Run____fixed column____fixed row
1__________209_____________91___
2__________194_____________78___
3__________201_____________92___
4__________199_____________60___
5__________228_____________63___

[mean time in ms. Apologies for the formatting. Blogger keeps trying to eat whitespace].

As you can see, changing all the values in one of our rows is much faster than changing all the values in one of our columns.

Remembering that there are really no rows and columns in Java (we're actually modeling our matrix using arrays of arrays), the easy way to remember this is the 3 Fs: when it comes to changing the values along a give index of a 2-D array, Fixing the First is Fastest.

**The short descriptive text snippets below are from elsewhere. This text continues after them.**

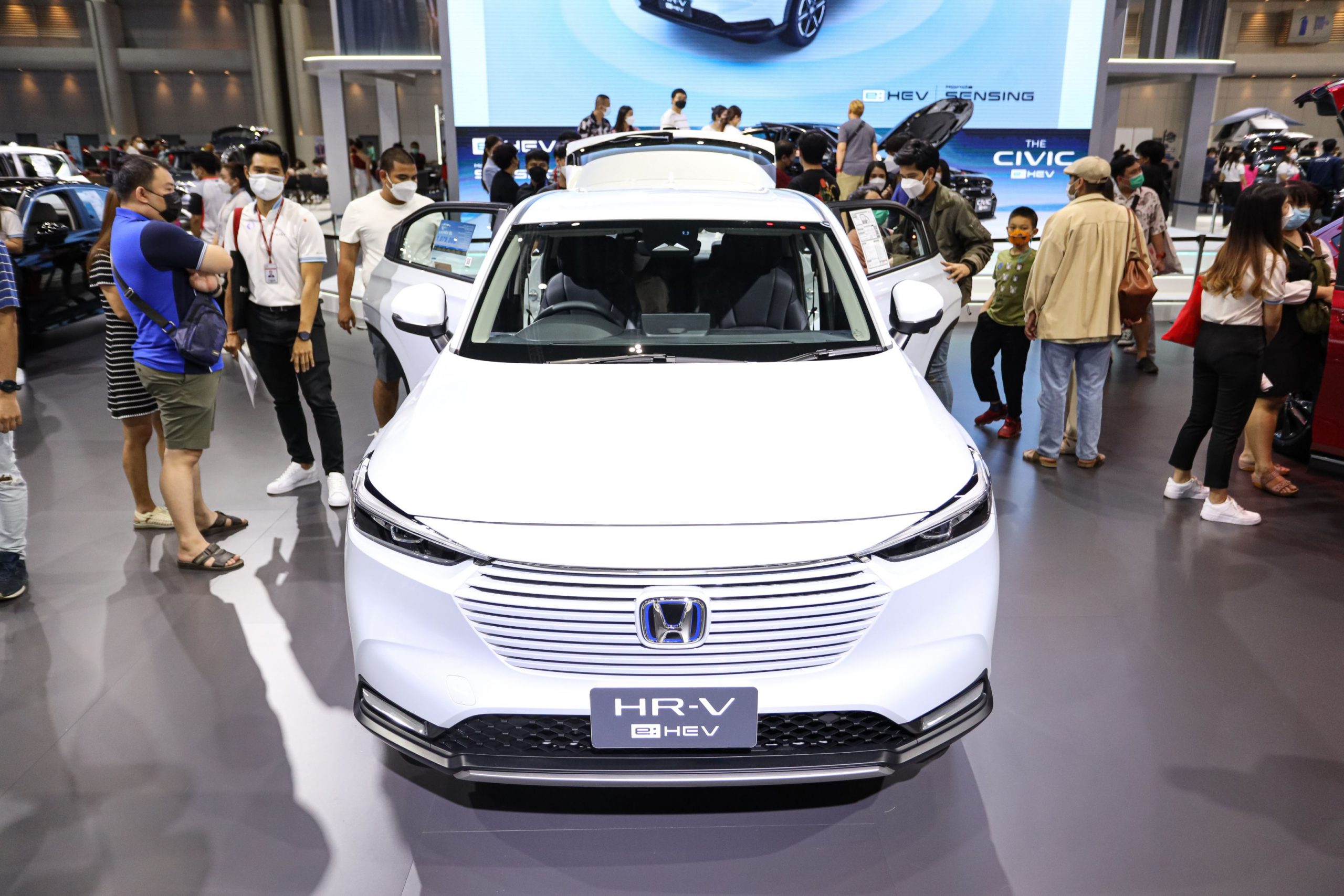 VIDEO. La Paris și-a deschis porțile Salonul Auto Mondial. Președintele Macron a fost prezent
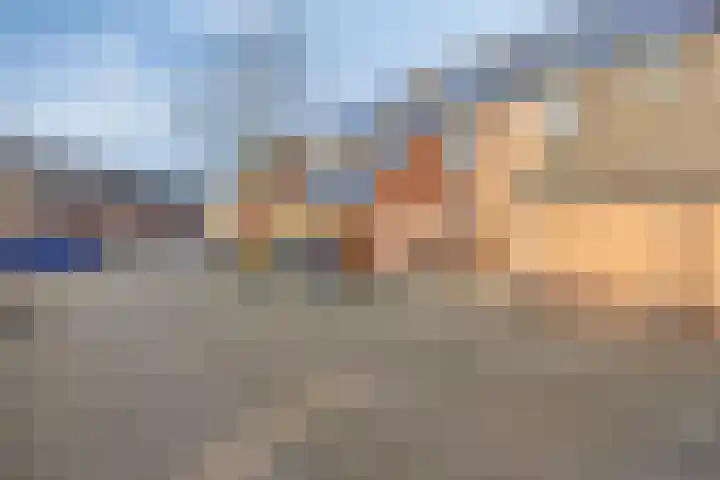 Domela Nieuwenhuisware 13 Zwolle thumbnail 38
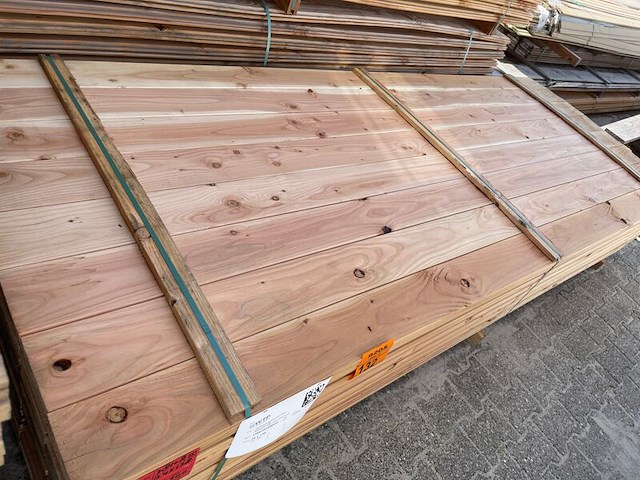 Ca. 112x douglas planken geschaafd, 24x138mm, lengte 300cm - afbeelding 1 van  3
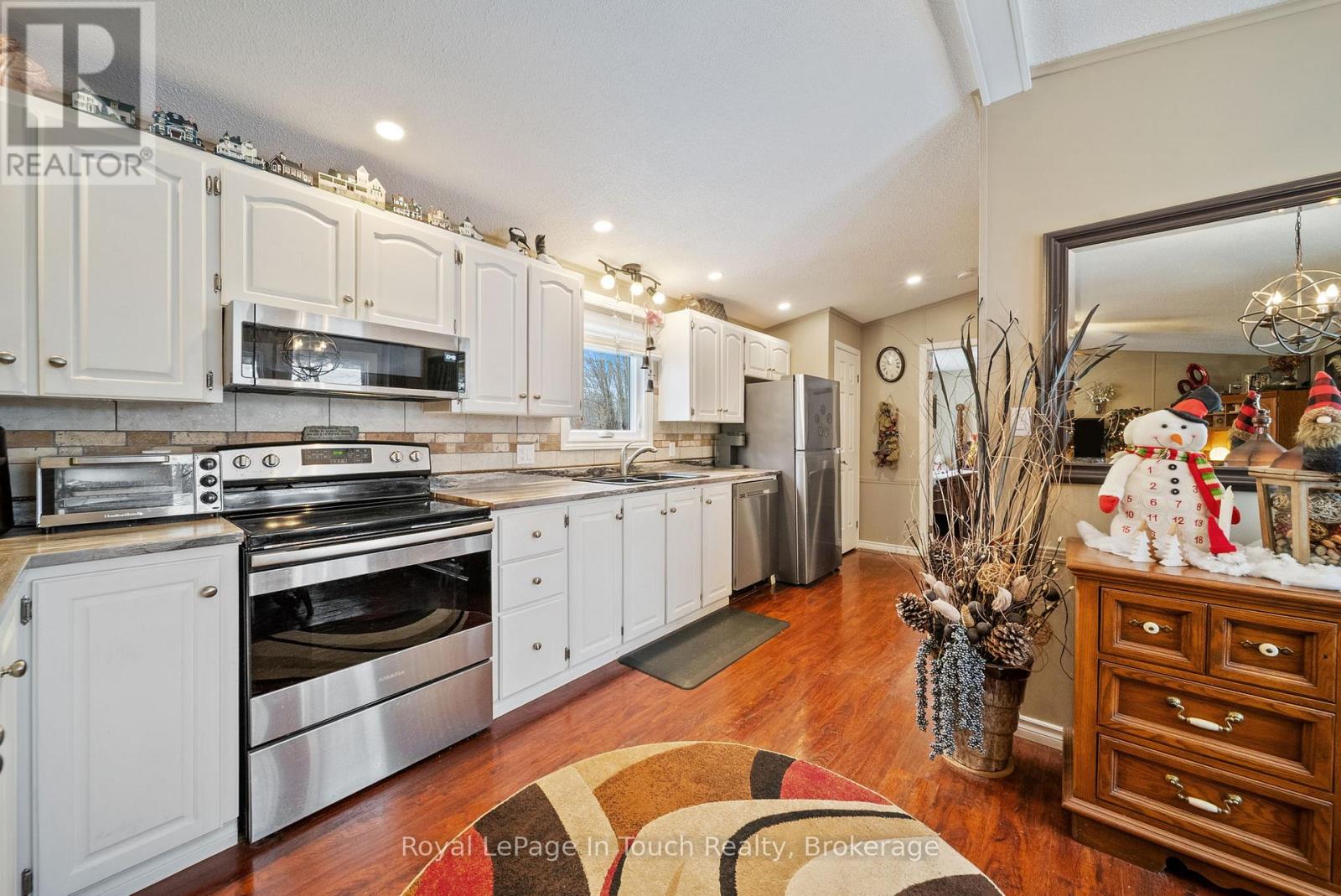 7 - 5411 Elliott Side Road, Tay, Ontario  L4R 4K3 - Photo 8 - S12607026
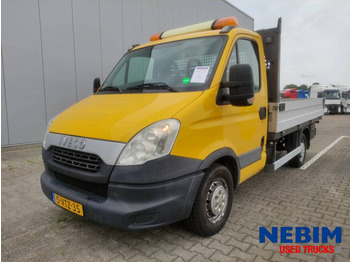 Lastbil med lad IVECO Daily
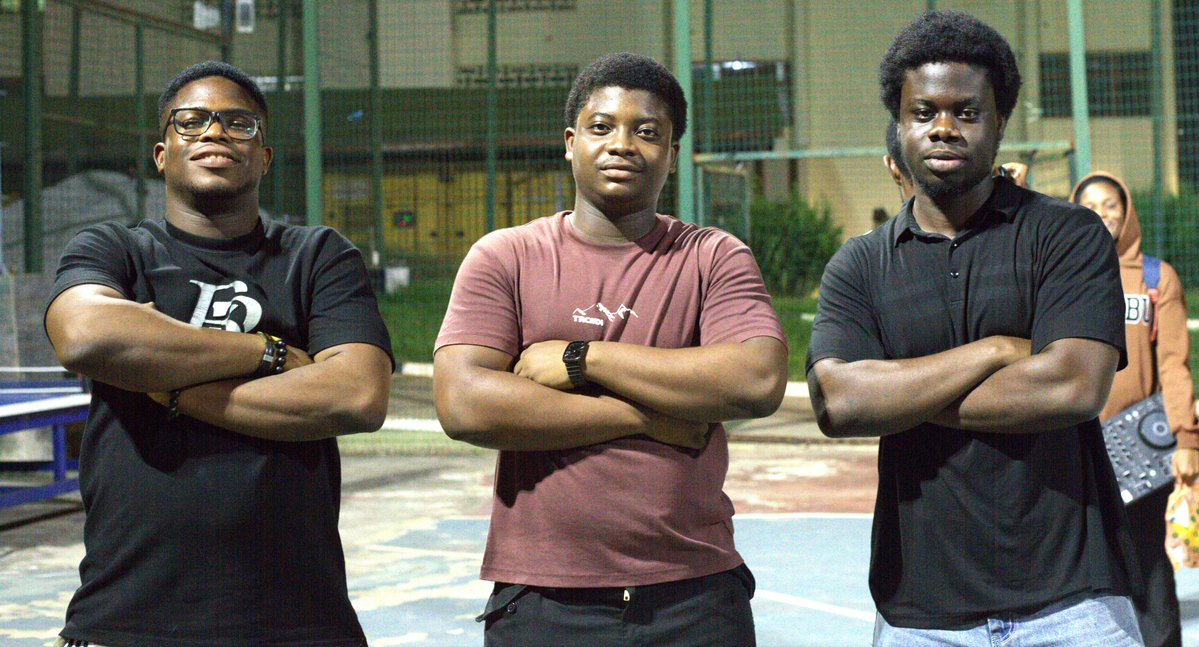 compengKNUST's tweet image. ๐๐ ๐ฅ๐ข๐ญ๐ญ๐ฅ๐ ๐ญ๐ก๐ซ๐จ๐ฐ๐๐๐๐ค ๐ญ๐จ ๐ฅ๐๐ฌ๐ญ ๐ฐ๐๐๐คโ๐ฌ ๐๐ฎ๐ฅ๐ฌ๐ ๐๐ง๐ ๐๐จ๐ฐ๐๐ซ
Biomedical Engineering students came together to relax, laugh, and have fun.
There was music, dance, karaoke, video games, and good vibes everywhere.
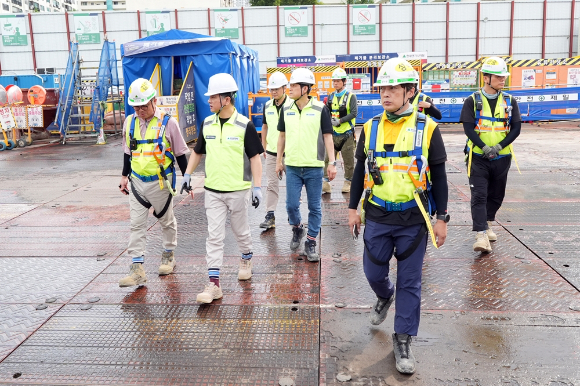 주우정 현대엔지니어링 대표이사가 현장을 둘러보고 있다. [사진=현대엔지니어링]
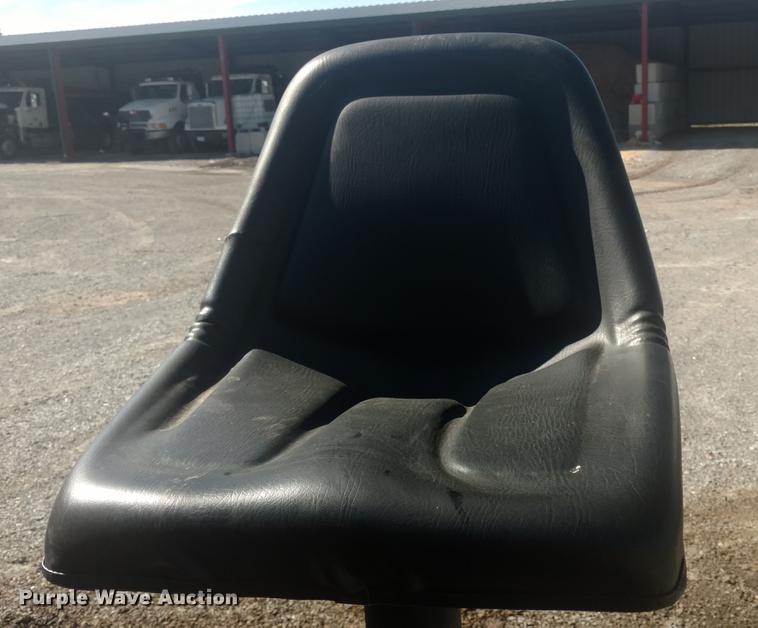 image for item J8588 2005 Mauldin 1750C paver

This phenomena is due to a mechanism called "false sharing" (there is a good podcast by Scott Meyers on the matter here).

False sharing slows concurrent changes to RAM. It occurs when one thread is writing to memory that is close to where another thread is writing. Robert Love defines it as when there are "two or more objects mapping to the same cache line despite existing at different addresses in memory" (Linux Kernel Development 3r Edition).

The maximum size of memory in which these two or more addresses need to be for this to happen is called a cache line. The exact size is dependent on the architecture but it is typically 64 bytes.

What's happening in the above example is that ints in the column of our matrix are evidently stored close together - so close there is some cache line collisions occurring - and that threads are contending to write to that piece of RAM.

I'll write another post as to how we can prove this.

Tuesday, October 4, 2011

Synchronicity

I had a debate over a beer with a friend about volatile arrays. I forgot who was trying to prove what but I did come across an interesting quirk.

We were talking about how adding the volatile keyword to a reference means that threads will always see the same thing once the reference had been set. But what if that reference were an array? Would the threads agree on the elements of the array? (The answer is "not necessarily" as pointed out in my blog last year).

But I had trouble demonstrating this with some simple, multi-threaded code. Annoyingly, my threads kept agreeing on the elements of the array. Maybe it was the chip architecture, I lazily thought.

Then it occurred to me. I was putting some System.out.println statements in my code to help me try to solve the problem. This, of course, was the problem. The reason why is that by introducing this logging, the threads are synchronizing on the same object - and as I mentioned in another blog post, this ensures "all threads see the most up-to-date values of shared mutable variables [when] the reading and writing threads ... synchronize on a common lock" (Java Concurrency in Practice, p37).

So, what was introducing this mysterious common lock? Why, System.out.println itself! The println method is synchronized so both threads synchronize on the common lock of the System.out object.

This reminded me of a time when a colleague was wondering why adding System.out.println appeared to be altering the behaviour of a piece of code. Stumped, I just thought it might have introduced a timing issue to his multi-threaded code. Now I know better.

But it begs the question: how much code is out there that is not properly multi-threaded with only some ad hoc logging holding it together?